May 15, 2025

Why Your Engineers Are Drowning in Alerts

Modern engineering teams are overwhelmed by on-call duties and alert fatigue, leaving little time for innovation. Cleric acts as an AI SRE teammate that intelligently investigates incidents, helping engineers stay focused by offloading the cognitive burden of production support.
By
Shahram Anver

If you lead a software engineering team, you already know the core problem: your engineers have less bandwidth than your alert stream demands.

Alert Fatigue and Expanding Engineer Responsibilities

It usually begins on a Wednesday. A product engineer pushes a promising feature to staging and leans back only to be yanked forward by the first PagerDuty alert. The payment API is throwing 503s again. Slack buzzes with frantic threads. A performance degradation alert appears, demanding immediate investigation. By lunchtime, half of that feature work lies abandoned in a maze of broken tests and half-read runbooks. Every engineer who’s built customer facing software has lived this scene, because it’s the modern “normal” for product engineers in 2025.

A decade ago, writing business logic and shipping new features felt like a full day’s work.
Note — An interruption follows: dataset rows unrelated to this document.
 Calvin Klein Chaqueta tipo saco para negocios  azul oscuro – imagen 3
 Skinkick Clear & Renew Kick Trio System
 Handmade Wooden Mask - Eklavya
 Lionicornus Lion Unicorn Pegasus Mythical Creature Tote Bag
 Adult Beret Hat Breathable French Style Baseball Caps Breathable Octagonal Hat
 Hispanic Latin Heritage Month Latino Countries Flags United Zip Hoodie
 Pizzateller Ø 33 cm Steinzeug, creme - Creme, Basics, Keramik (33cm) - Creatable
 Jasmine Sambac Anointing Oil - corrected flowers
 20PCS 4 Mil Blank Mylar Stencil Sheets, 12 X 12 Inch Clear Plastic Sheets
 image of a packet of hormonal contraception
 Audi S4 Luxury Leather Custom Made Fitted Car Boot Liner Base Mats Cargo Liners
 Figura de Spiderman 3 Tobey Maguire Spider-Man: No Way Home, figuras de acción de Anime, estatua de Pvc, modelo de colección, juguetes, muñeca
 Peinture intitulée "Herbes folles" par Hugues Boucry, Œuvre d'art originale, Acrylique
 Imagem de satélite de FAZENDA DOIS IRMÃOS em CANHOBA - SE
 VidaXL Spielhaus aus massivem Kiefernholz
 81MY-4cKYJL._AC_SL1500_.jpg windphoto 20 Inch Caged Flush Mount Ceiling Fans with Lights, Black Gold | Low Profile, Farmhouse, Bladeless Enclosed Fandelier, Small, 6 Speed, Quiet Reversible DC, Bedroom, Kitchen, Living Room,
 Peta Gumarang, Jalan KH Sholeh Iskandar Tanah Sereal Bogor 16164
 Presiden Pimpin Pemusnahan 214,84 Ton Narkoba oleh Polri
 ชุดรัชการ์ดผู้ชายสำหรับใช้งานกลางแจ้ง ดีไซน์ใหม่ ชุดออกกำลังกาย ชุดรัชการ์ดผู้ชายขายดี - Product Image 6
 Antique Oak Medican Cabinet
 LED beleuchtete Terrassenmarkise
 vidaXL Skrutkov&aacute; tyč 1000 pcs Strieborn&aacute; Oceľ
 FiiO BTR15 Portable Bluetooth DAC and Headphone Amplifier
Today, the same engineer is expected to also be an on-call firefighter, a security analyst, a cost-optimization specialist, and a release coordinator. Minor alerts steal twenty minutes of focus, but real incidents like the ones requiring postmortems can consume entire days. Every monitoring dashboard adds another tab to the endless browser session. Deep work becomes a rare luxury and innovation grinds nearly to a halt.

Platform Teams Shouldn't Solve This Alone

Platform engineering teams try their best. They craft shared libraries for logging, golden paths for safe CI/CD, and unified dashboards that hide complexity. Those efforts ease some pain, but they don’t erase it. Each service has its own quirks, from legacy dependencies, bespoke configurations, to unpredictable load patterns, so when production falters, the engineer who wrote the code still bears the pager.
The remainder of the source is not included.